Steam has become an extremely popular service among hardcore PC gamers. It is easy to see why. Steam offers a large selection of quality titles and sells them at reasonable prices. To cap it off, Steam runs special deals every weekend which provide games at rock-bottom prices. For a hardcore gamer, Steam is like a candy store.
Yet Steam does not offer everything, and Steam is also rather strict about how gamers can play the titles associated with it. Gamers who like Steam but want to find other places to get their fix would be wise to check out the following services. European gamers in particular need to look elsewhere than Steam because of the strangely high Eurodollar prices charged they are charged.

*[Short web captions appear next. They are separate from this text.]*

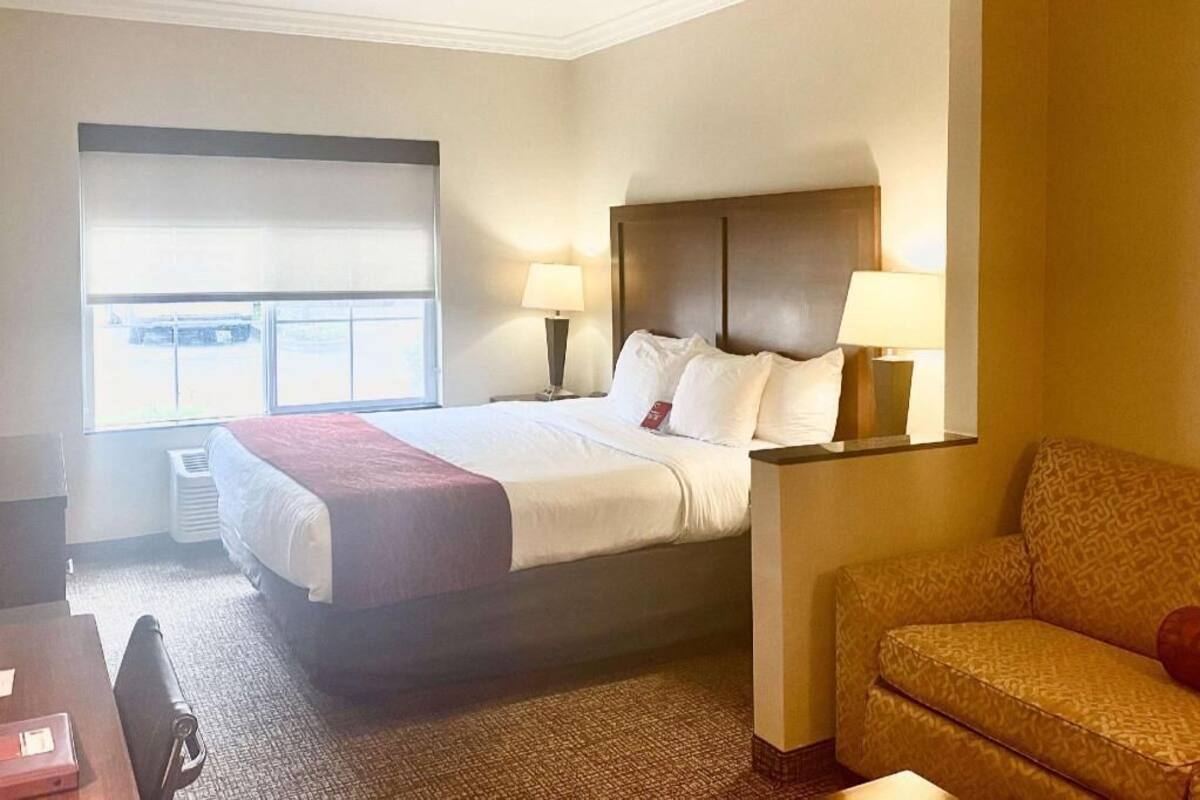 A hotel room with a bed, two bedside lamps, a sofa, a desk with a chair, and a window with blinds.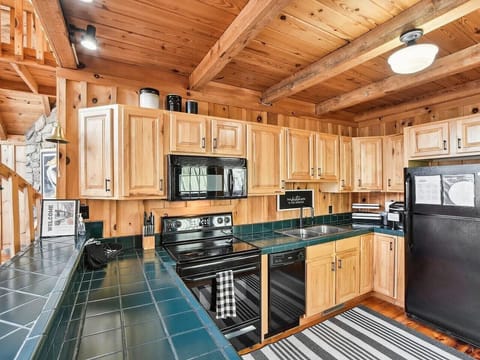 The chalet kitchen is the heart of the home, combining rustic charm with modern convenience. Rich wooden cabinets, their surfaces weathered to perfection, line the walls, offering plenty of storage and a touch of timeless elegance. The countertops are per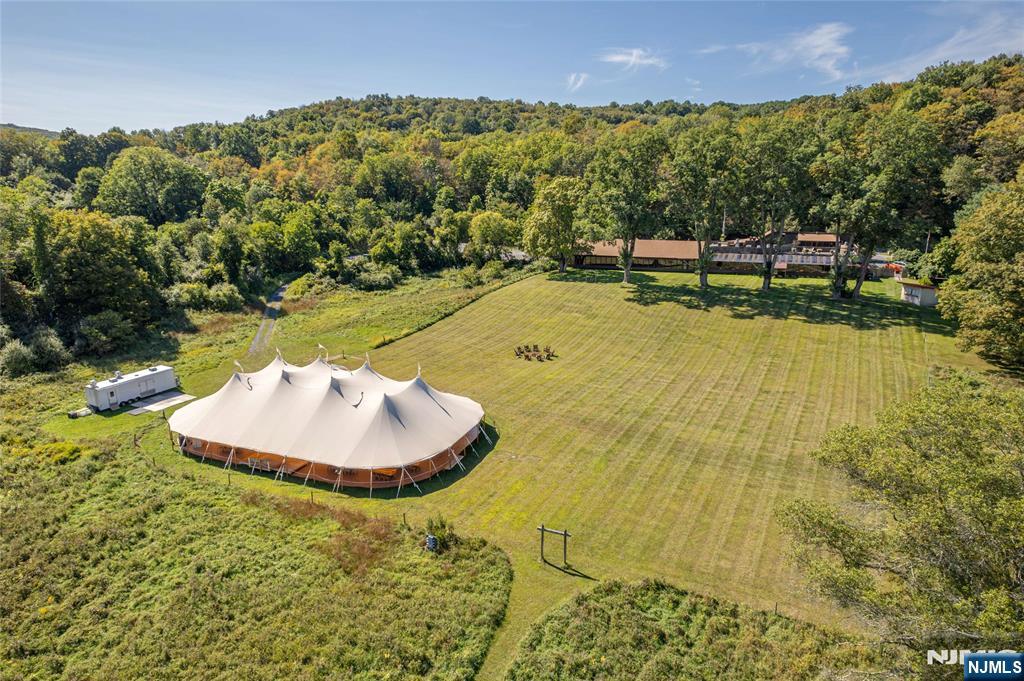 Iconic NJ Restaurant Destination for sale. Owned by the same family since 1949, the restaurant and event facility has been a dining destination for generations. Large operating restaurant business and event business that has been thriving for decades. Over 1000 feet of frontage on the flat brook river. Surrounded by the 65,000- acre Delaware Water Gap National Recreation Area, this property is a secluded sanctuary with limitless potential. The existing structure offers ample space to build out guest rooms, creating a boutique inn, a premier corporate retreat, or a wedding venue. Open fields and beautiful views, ideal for equestrian use as well. World-class hunting, plus swimming and fishing on the adjacent Flat Brook.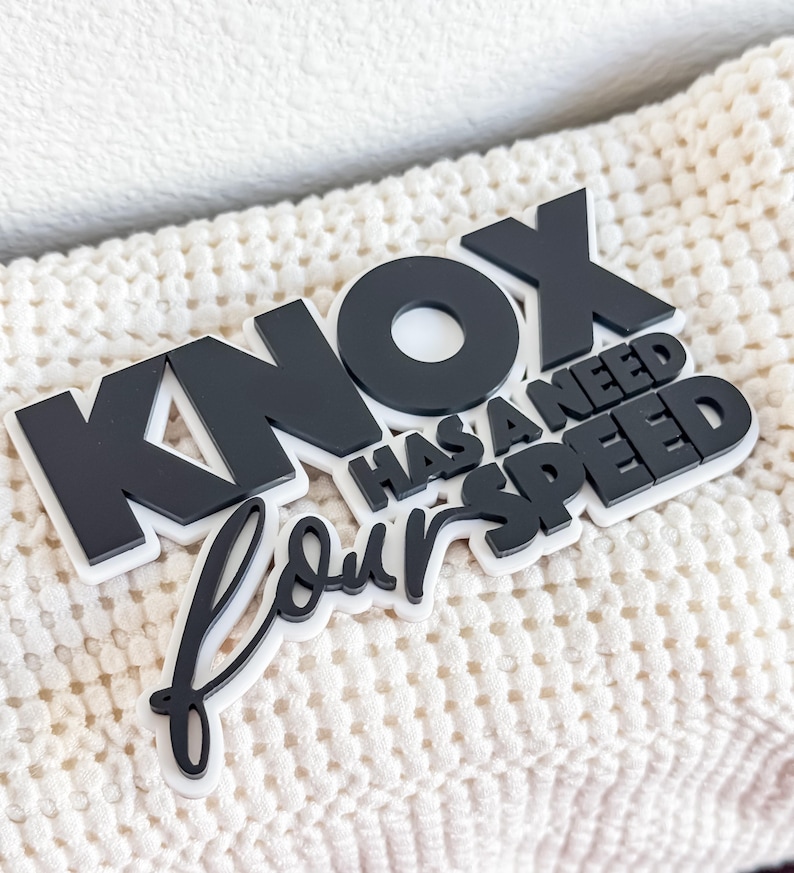 May include: Black and white decorative sign with the text "Knox has a need for speed".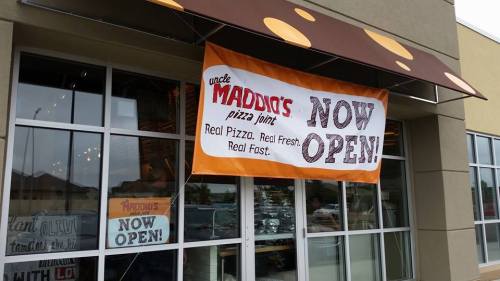 A storefront with a large banner reading "Uncle Maddio's Pizza Joint - Now Open!" promoting fresh pizza.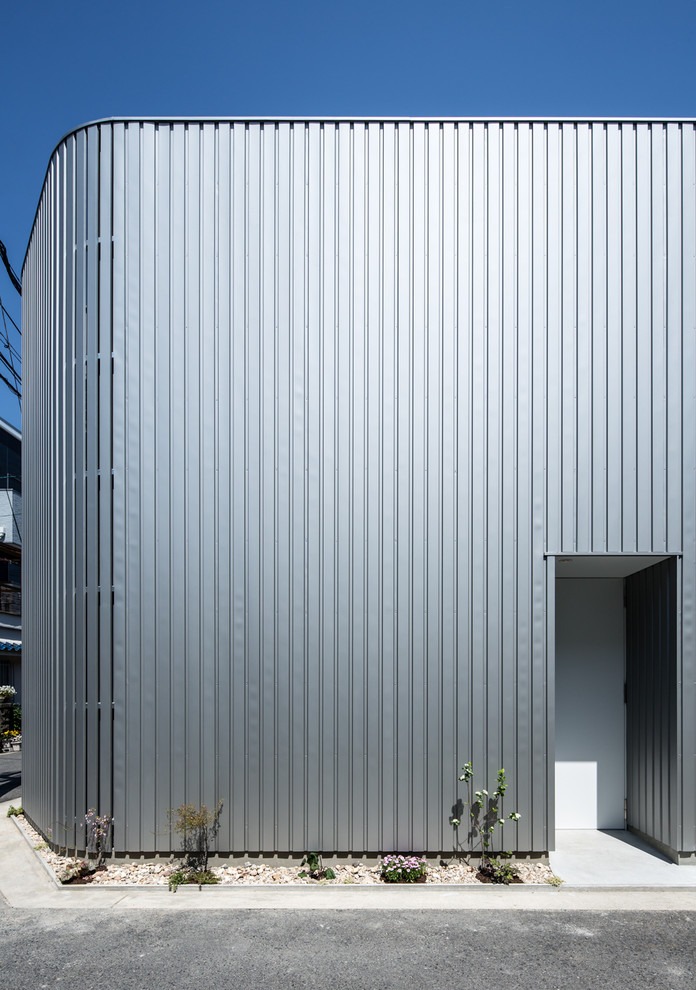 Mittelgroßes, Zweistöckiges Modernes Einfamilienhaus mit Metallfassade, grauer Fassadenfarbe, Flachdach und Blechdach in Osaka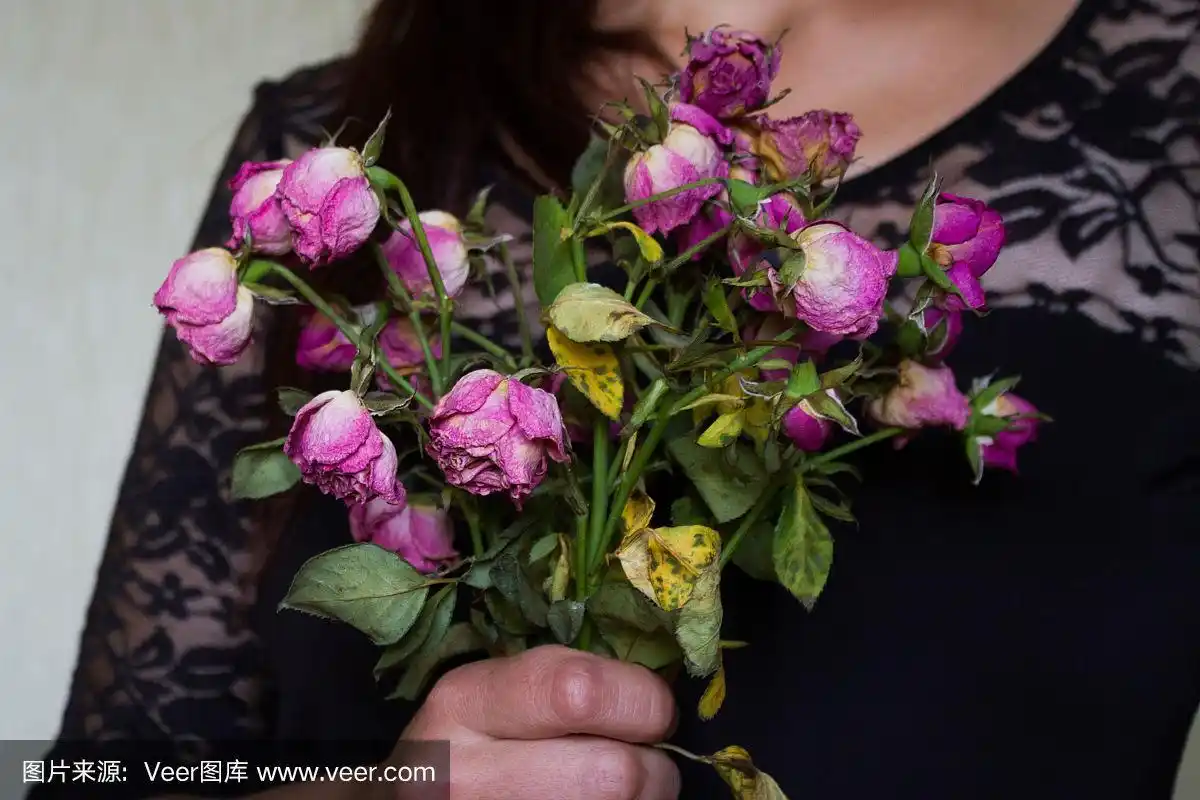 悲伤的女人拿着干枯的花束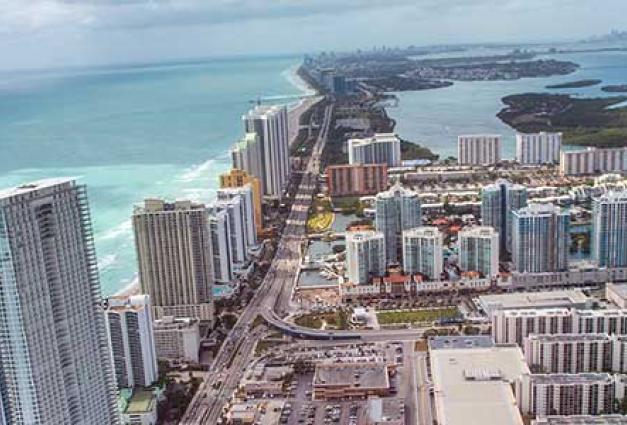 Helicopter view of North Miami Beach condominiums along the ocean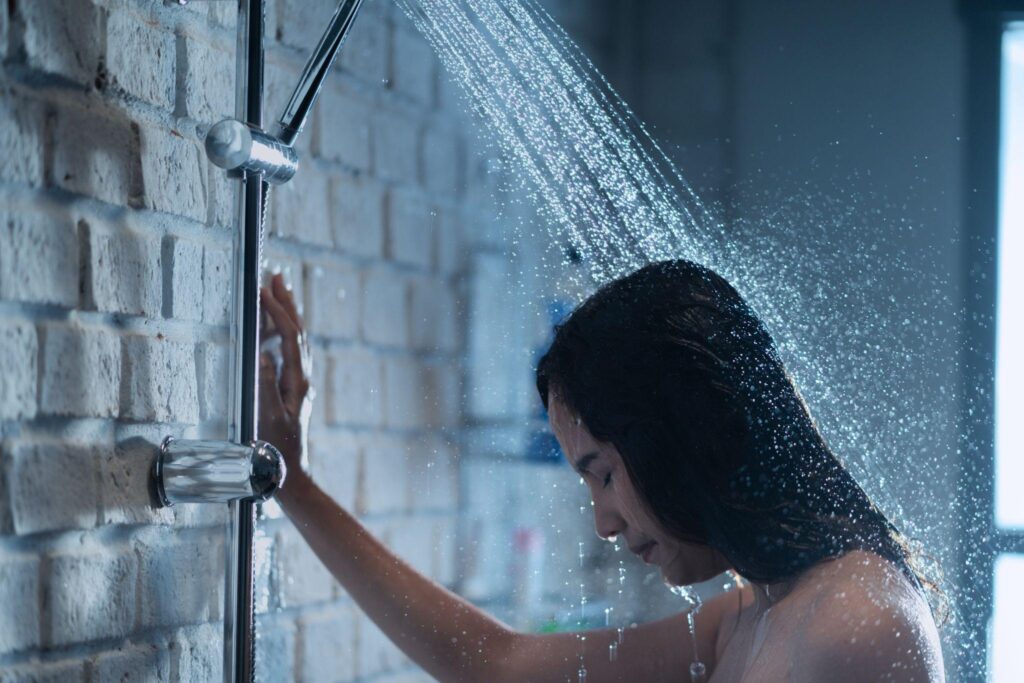 woman with head down in shower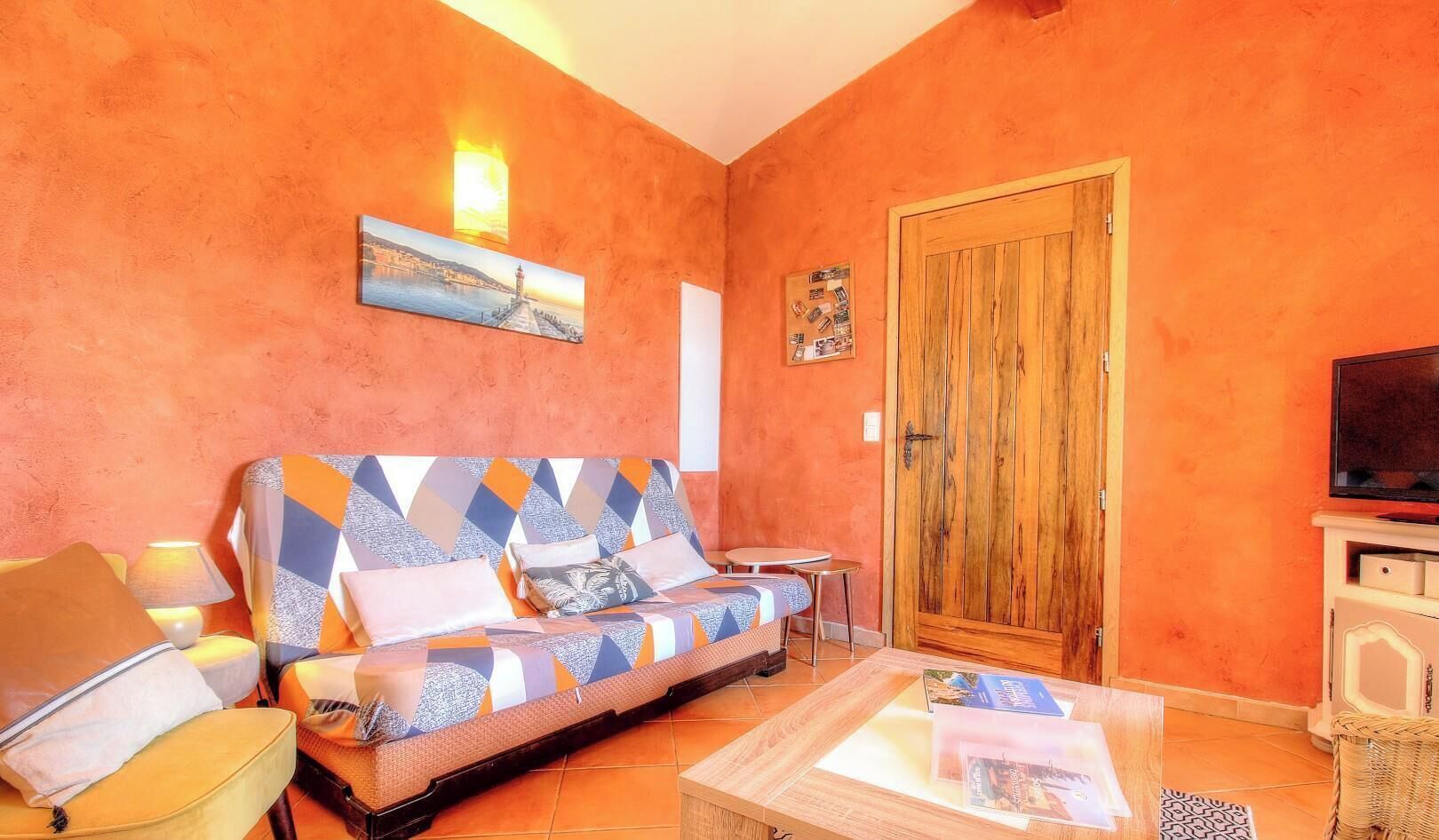 A room with a sofa, a small table, a wooden door, and a television.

It might be incorrect to call Direct2Drive a service. The way Direct2Drive is set up is the same as any other online store such as Amazon or Gamestop. Gamers browse through a catalog of available titles which are separated by various categories and then purchase whatever strikes their fancy. Once the purchase is made, Direct2Drive provides information for how to download an activate the title purchased. There is no software which must be downloaded to make the game work. The only program that is offered is a download manager, but that is fully optional.
This traditional store format has a lot of disadvantages to Steam. There is absolutely no Direct2Drive community. It is simply a place one goes to buy games, not a place one visits to play them or meet other gamers. But this is a blessing as well. Activation of games is simple and once a game is downloaded it operates like a retail copy. Gamers do not have to run any background services to have anything work, and they are free to transfer or backup games in any way they want (although the individual DRM schemes used by publishers do still exist, and may place some limits on use. Ironically, this means Direct2Drive games require Steam to play).
Direct2Drive usually offers competitive pricing on its entire library but rarely has events comparable to Steam’s weekend sales. The library of Direct2Drive, on the other hand, feels even more diverse then what is available on Steam. For example, Direct2Drive has had The Sims 3 for some time now, but it is unknown when or if Steam will be selling that title. For gamers in Europe, Direct2Drive’s UK site, priced in pounds, usually works out to much better prices than Steam.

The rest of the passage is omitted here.